### How to complete this task
Entries below include pictures. Output exactly the lines from the one with "Fisher-Price Glow and" down to the one with "CCI Blazer Brass", both ends included, and leave the pictures out.

### Data for the task

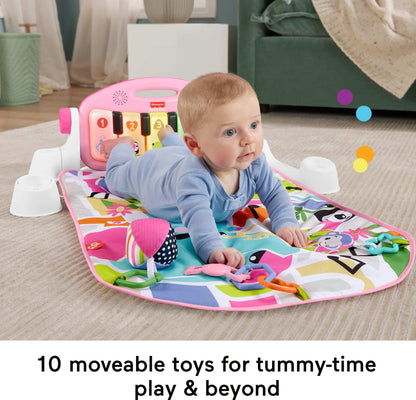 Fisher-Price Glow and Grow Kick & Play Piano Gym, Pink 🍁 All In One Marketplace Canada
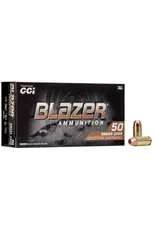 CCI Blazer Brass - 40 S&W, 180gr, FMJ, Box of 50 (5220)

--

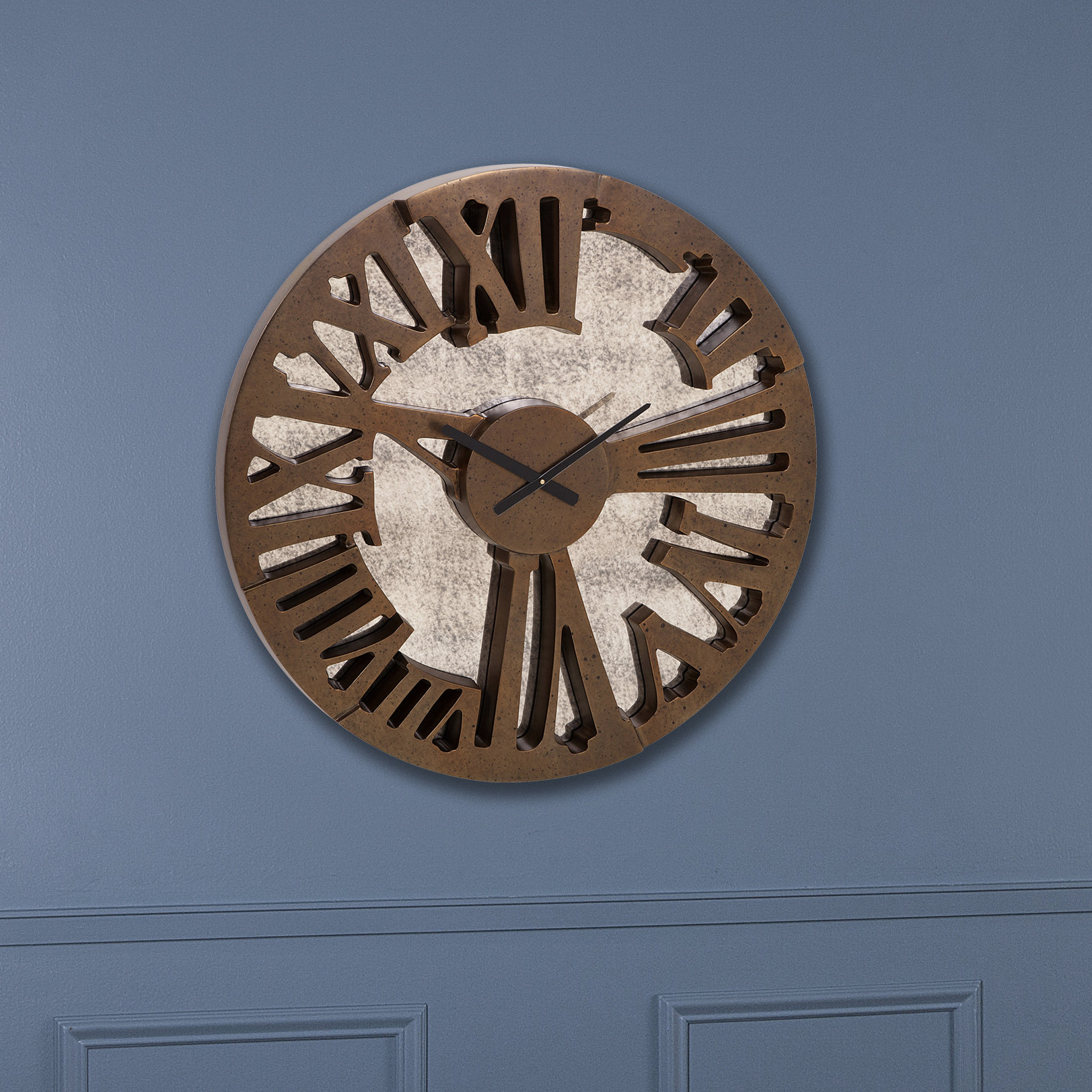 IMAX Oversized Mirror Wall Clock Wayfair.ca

### Expected answer
 Fisher-Price Glow and Grow Kick & Play Piano Gym, Pink 🍁 All In One Marketplace Canada
 CCI Blazer Brass - 40 S&W, 180gr, FMJ, Box of 50 (5220)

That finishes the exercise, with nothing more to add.